Extracted data entries

========

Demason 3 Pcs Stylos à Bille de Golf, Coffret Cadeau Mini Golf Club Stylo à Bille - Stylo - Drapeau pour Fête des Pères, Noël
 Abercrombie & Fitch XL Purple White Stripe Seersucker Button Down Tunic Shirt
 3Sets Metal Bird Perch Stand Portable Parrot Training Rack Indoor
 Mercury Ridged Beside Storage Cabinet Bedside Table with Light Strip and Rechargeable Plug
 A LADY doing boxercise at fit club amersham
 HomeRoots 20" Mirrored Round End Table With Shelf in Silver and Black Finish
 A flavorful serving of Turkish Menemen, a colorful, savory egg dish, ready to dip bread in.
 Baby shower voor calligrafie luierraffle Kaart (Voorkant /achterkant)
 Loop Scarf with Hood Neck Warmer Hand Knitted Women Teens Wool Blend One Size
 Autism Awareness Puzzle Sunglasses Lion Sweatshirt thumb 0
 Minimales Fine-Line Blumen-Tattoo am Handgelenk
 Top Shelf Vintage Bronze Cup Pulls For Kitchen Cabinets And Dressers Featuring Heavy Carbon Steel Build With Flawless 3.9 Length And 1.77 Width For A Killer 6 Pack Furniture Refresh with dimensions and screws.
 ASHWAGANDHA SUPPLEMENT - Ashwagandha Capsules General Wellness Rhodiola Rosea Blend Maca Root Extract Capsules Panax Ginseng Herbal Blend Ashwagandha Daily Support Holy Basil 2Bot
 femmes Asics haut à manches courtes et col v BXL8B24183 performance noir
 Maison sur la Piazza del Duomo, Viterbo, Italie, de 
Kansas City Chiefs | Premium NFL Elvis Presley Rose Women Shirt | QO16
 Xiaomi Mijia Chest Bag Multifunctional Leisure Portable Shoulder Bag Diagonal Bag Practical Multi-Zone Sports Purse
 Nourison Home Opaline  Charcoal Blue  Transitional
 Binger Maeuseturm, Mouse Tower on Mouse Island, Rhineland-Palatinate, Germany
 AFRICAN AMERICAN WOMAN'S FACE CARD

========

▸ WHAT THE EXERCISE ASKS:
Count every line of the data in which the word "Portable" appears, and report only the total.

▸ RESPONSE TO THE TASK:
2